The concurrent routing is a parallel-in-time routing procedure for all capsules layers.
- Python 3.6/3.7
- Pytorch (>=1.2.0) and torchvision
- CUDA 10.0 or above
We use CIFAR10 and CIFAR100.
Args | Value | help |
---|---|---|
debug | - | Enter into a debug mode, which means no models and results will be saved. True or False |
num_routing | 1 | The number of routing iteration. The number should > 1. |
dataset | CIFAR10 | Choice of the dataset. CIFAR10 or CIFAR100. |
backbone | resnet | Choice of the backbone. simple or resnet. |
config_path | ./configs/resnet_backbone_CIFAR10.json | Configurations for capsule layers. |
python main_capsule.py --num_routing 2 --dataset CIFAR10 --backbone resnet --config_path ./configs/resnet_backbone_CIFAR10.json
When num_routing
is 1
, the average performance we obtained is 94.73%.
When num_routing
is 2
, the average performance we obtained is 94.85% and the best model we obtained is 95.14%.

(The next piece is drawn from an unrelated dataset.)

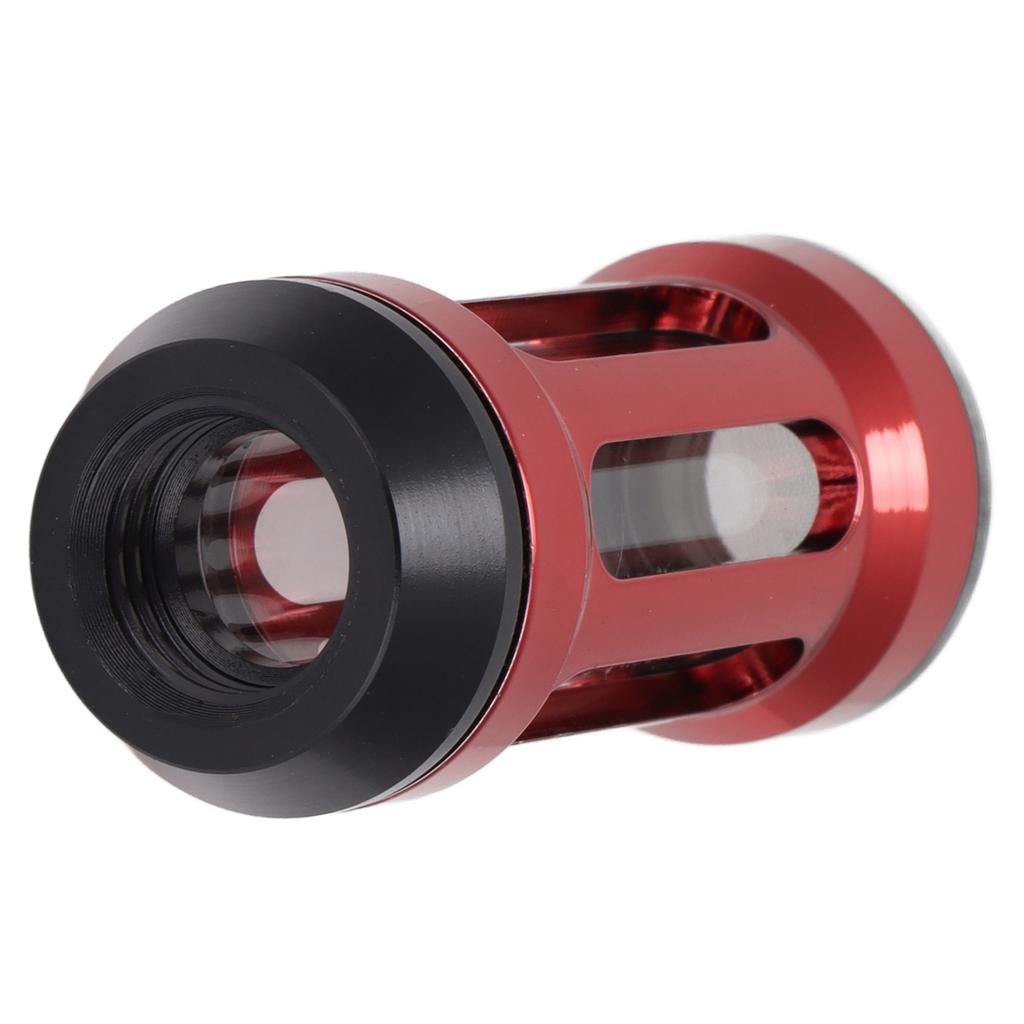 Water Cooling Filter Brass Acrylic Inner G1Celsius4 Thread Computer Cooler Accessories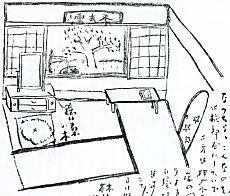 林芙美子化粧室.jpg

python main_capsule.py --num_routing 2 --dataset CIFAR100 --backbone resnet --config_path ./configs/resnet_backbone_CIFAR100.json
When num_routing
is 1
, the average performance we obtained is 76.02%.
When num_routing
is 2
, the average performance we obtained is 76.27% and the best model we obtained is 78.02%.
This code is released under the LICENSE terms.